Do either Flex or Bison maintain global state between calls to yyparse()
Flex maintains information about the current input stream. If the parse does not consume the entire input stream (which is quite common for parsers which terminate abnormally on errors), then the next call to yyparse
will continue reading from where the previous one left off. Providing a new input buffer will (mostly) reset the lexer's state, but there may be some aspects which have not been reset, notably the current start condition, and the condition stack if that option has been enabled.
The bison-generated parser does not rely on global state.
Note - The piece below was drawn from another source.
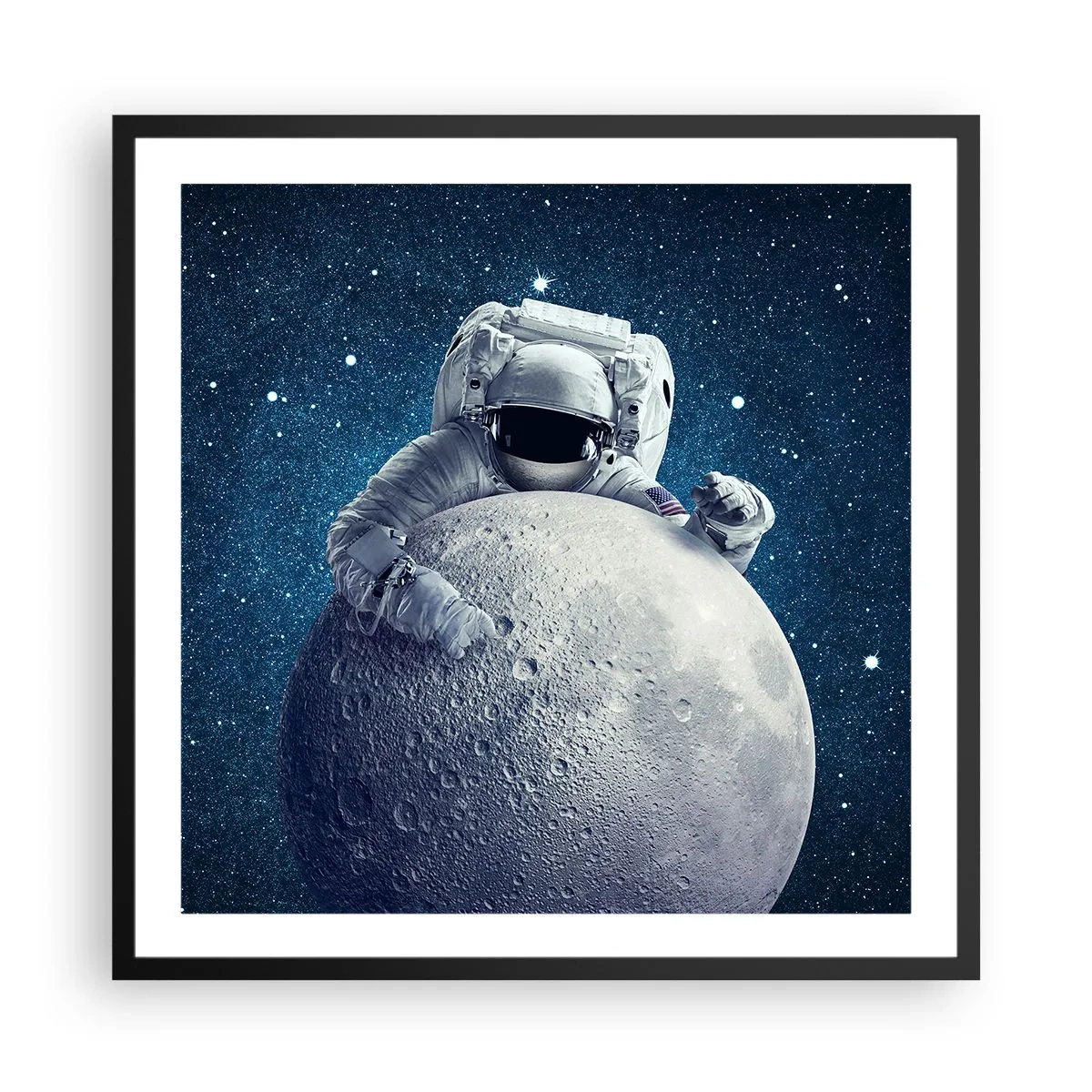 Affiche dans un cadre noir - Poster - Comique de l'espace - 60x60 cm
It is designed to clear its internal state prior to returning from yyparse
. However, if a parser action executes a return
statement directly (this is not recommended), then the cleanup will be bypassed, which is likely to create a memory leak. Actions which prematurely terminate the parse should use the macros YYACCEPT
or YYABORT
rather than a return
statement.
Is there some simple function call I could put at the end of the function above to wipe it all and reset everything back to the initial state?
The default flex-generated parser, which is designed to be called every time a token is required, is heavily reliant on global variables. Most, but not all, of the flex state is maintained in the current YY_BUFFER_STATE
(which is kept in a global variable), and that object can be reset by the yyreset
function, or any of the functions which provide a character buffer as lexer input. However, these functions do not reset the start condition nor do they flush the condition stack (if enabled), or the buffer stack. If you want to reset the state completely, you need to flush the stacks manually, and reset the start condition with BEGIN(INITIAL)
.
One approach to making a more easily restartable scanner is to build a reentrant scanner. A reentrant scanner keeps all of its state (including start conditions and buffer stack) in a scanner structure, which means that you can completely reset the scanner state simply by creating a new scanner structure (and, of course, destroying the old one to avoid leaking memory.)
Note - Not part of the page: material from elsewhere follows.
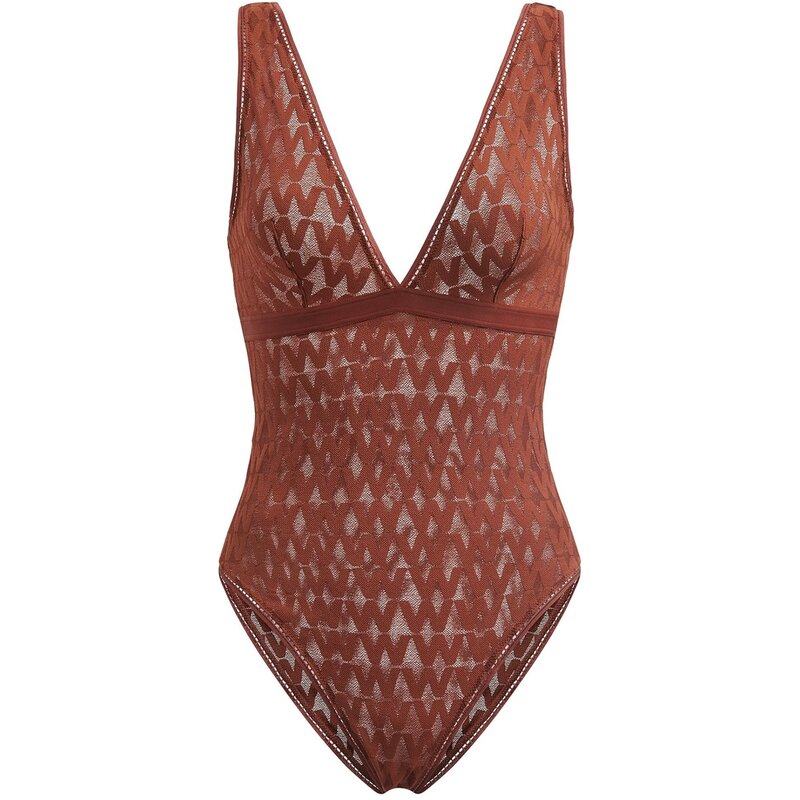 ウォルフォード レディース トップス シャツ ボディースーツ ロゴ Wolford Net logo Bodysuit Caramel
There are lots of good reasons to use reentrant scanners [Note 1]. For one thing, it allows you to have more than one parser active at the same time, and it eliminates a reliance on global state. But unfortunately, it's not as simple as just setting a flex options.
Reentrant scanners have a different API (which includes a pointer to the scanner state structure). This state structure needs to be passed into yyparse
and yyparse
needs to pass it to yylex
; all of this requires some modifications to the bison options. Also, reentrant scanners cannot use the global yylval
to communicate the semantic value of a token to the parser [Note 2].
If you use the %bison-bridge
option and tell bison to generate a reentrant parser, then yylex
will expect to be called with another additional parameter (or two, if you use locations), and the reentrant bison parser will supply the additional parameters. That all works fine, but it has the effect of changing yylval
(and yylloc
, if used) to a pointer, which means that you need to go through all the scanner actions changing yylval.something
to yylval->something
.
Notes
You can also create a reentrant parser, using some additional bison options. Normally, the only mutable globals used by a bison-generated parser are yylval
and yylloc
(if you use location reporting). (And yynerrs
, but it is rare to refer to that variable outside of a parser action.) Specifying a reentrant parser turns those globals into lexer arguments, but it does not create an externally visible parser state structure. But it also gives you the option of using a "push parser", which does have a persistent parser state structure. In some cases, the flexibility of push parsers can significantly simplify scanners.
Strictly speaking, nothing stops you from creating a reentrant scanner which still uses globals to communicate with the parser, except that it is not really reentrant any more. I wouldn't recommend this option for obvious reasons, but you might want to do it as a transitional strategy, since it requires less modification to the parser and to scanner actions.